Billy ouviu a pergunta vinda do outro lado da porta da casa de banho, mas não fez caso. Limpou a condensação do espelho, inclinou-se para a frente por cima do lavatório e observou o seu próprio reflexo.

Como fizera naquele dia.

Naquela manhã de Junho. Quando acordara no sofá com uma ressaca monumental. Parecia-lhe que fora há uma eternidade. A mesma cara, um espelho diferente.

Em casa dela. Em casa de Jennifer.

Antes de se lembrar…

A água escorria-lhe do cabelo molhado, ficava um instante nas sobrancelhas e gotejava pelas faces. Encarou o seu próprio olhar. Olhou no mais fundo dos seus olhos. O espelho da alma, como diziam os poetas. Mas, se assim fosse, os seus revelariam a verdade e, por enquanto, isso não acontecia. Os seus olhos eram bondosos, diziam-lhe. My costumava dizê-lo. «Tens uns olhos bondosos.» Não lhe diziam nada sobre a necessidade obscura que se escondia no seu âmago, como uma serpente faminta. Nada sobre os pensamentos de domínio e controlo que trazia dentro de si há algum tempo, mas que ultimamente conseguia reprimir. Depois do que acontecera com Jennifer. Billy não costumava entregar-se a pensamentos filosóficos profundos, todavia, nos últimos tempos, não conseguia deixar de se perguntar: quem era ele, na verdade?

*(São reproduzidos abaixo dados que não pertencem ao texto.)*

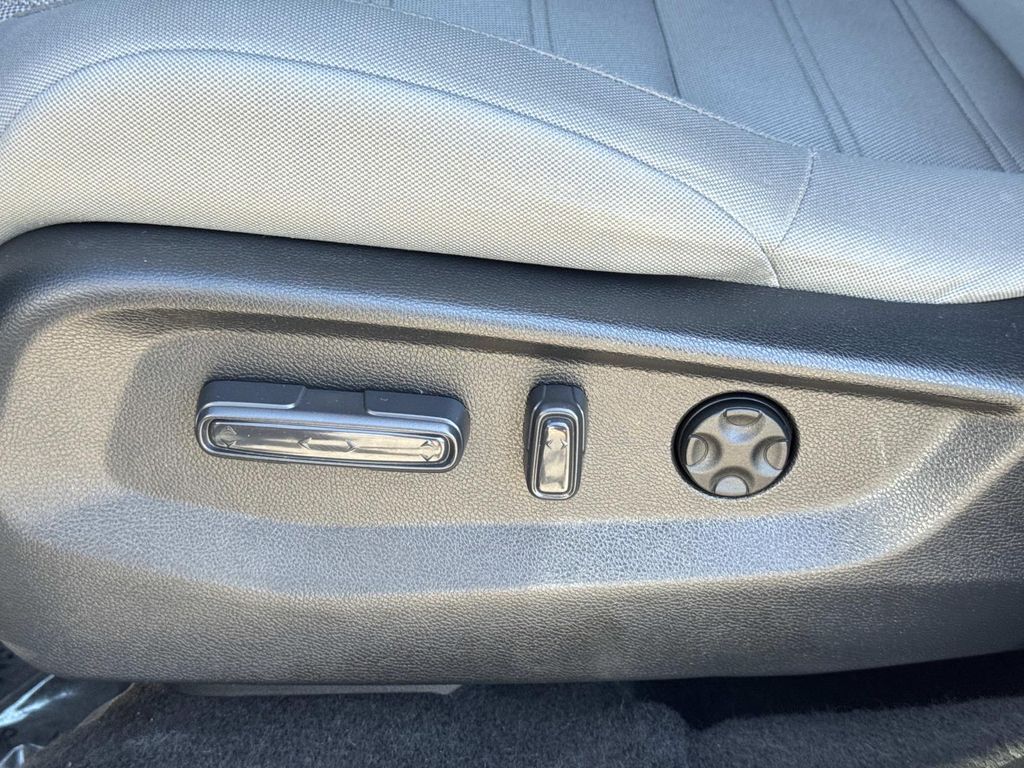 Used 2019 Honda CR-V EX 4D Sport Utility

Em quem se tornara? No que se tornara?

O jogo de squash da tarde, do qual normalmente saía esgotado, deixara-o transtornado. Não o jogo em si, mas o que acontecera a seguir no balneário. O colega que acabara de lhe vencer três sets consecutivos (11-8, 11-8, 12-10) saíra do duche e sentara-se ao seu lado no banco, com a toalha ainda enrolada à volta da cintura e o cabelo molhado. Billy decidira tomar duche em casa. Estava mais aborrecido com a derrota do que queria admitir. Três sets consecutivos, essa merda não lhe acontecia há anos. Talvez estivesse a ficar doente ou algo do género.

—Conheces a Jennifer, não conheces? A Jennifer Holm­gren? – perguntara-lhe o colega enquanto procurava o desodorizante no saco de ginástica. Billy ficara petrificado, todos os pensamentos sobre o jogo evaporaram-se imediatamente do seu cérebro. Aquele era terreno minado. O que se passara?

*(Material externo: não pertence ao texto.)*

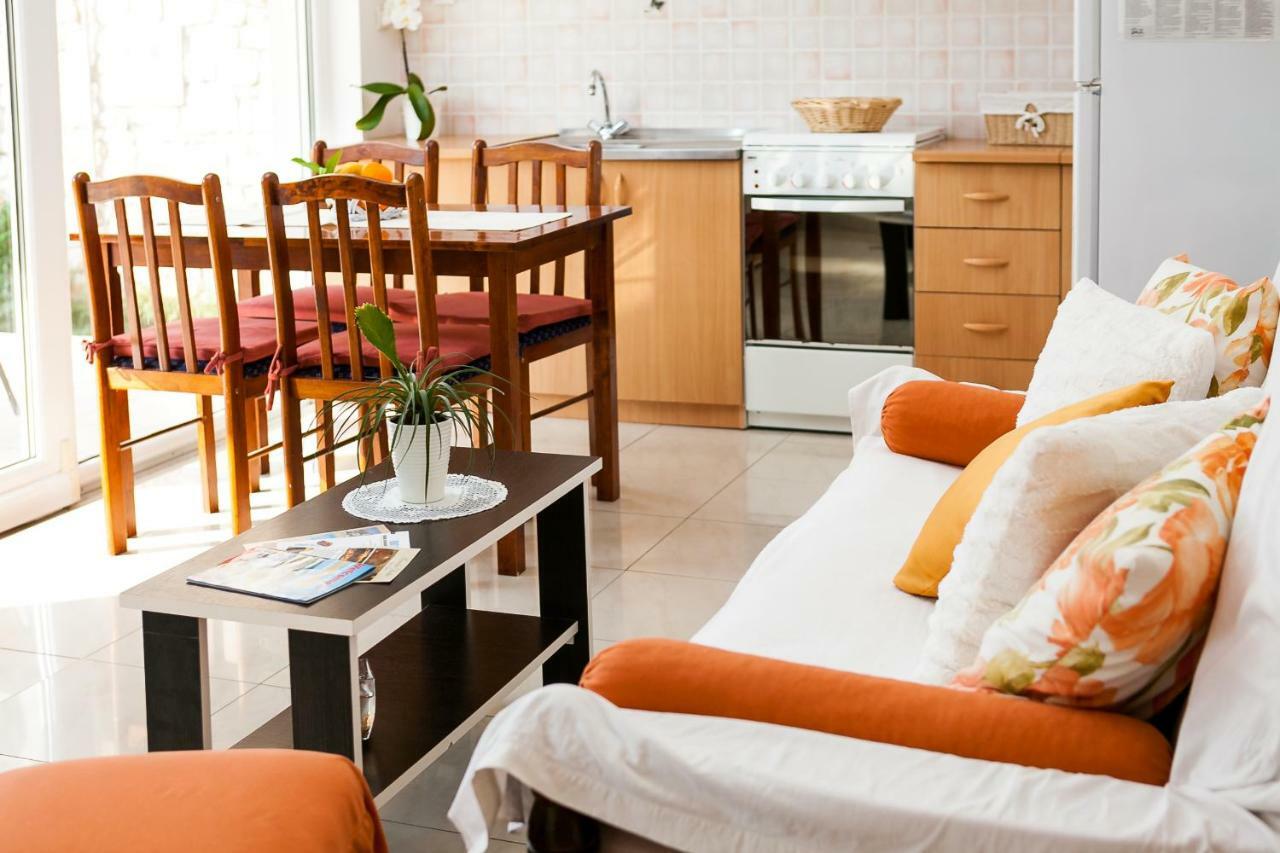 Guest House Mara Вела-Лука Екстер'єр фото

—Sim, trabalhámos juntos algumas vezes. Porque perguntas?

Aquilo era verdade, mas não era a verdade toda. Longe disso. Também tinham ido para a cama algumas vezes. Mais vezes do que as que tinham trabalhado juntos. E, a última vez, tinha acabado em desgraça.

—Ouviste o que aconteceu?

—Não, o quê?

Bateram à porta da casa de banho ao mesmo tempo que a abriram. Nunca trancavam as portas. My achava desnecessário; uma vez que só viviam os dois ali, sabiam automaticamente se a casa de banho estava ocupada ou não. Billy sobressaltou-se em frente ao espelho, como se tivesse sido apanhado a fazer algo que não devia. O que não estava muito longe da verdade.

—O que estás a fazer fechado aqui dentro?

—Nada.

—Preciso de lavar os dentes, vou deitar-me daqui a bocado.

My entrou na casa de banho, pegou na sua escova de dentes eléctrica e colocou uma bola de pasta na cabeça redonda.

—Viste o link que te mandei?

My enfiou-se entre ele e o lavatório, abriu a torneira e colocou a escova dos dentes por baixo. Billy forçava-se para se focar no aqui e agora. Obrigava-se a parecer implicado e interessado na conversa.

—Sim, acho que sim. Qual deles?

—Hoje só te enviei um. De Töreboda. – Soava como se estivesse deitada numa cadeira de dentista, tentando manter a espuma de pasta dos dentes dentro da boca enquanto falava. – A casa de madeira branca com praia privada.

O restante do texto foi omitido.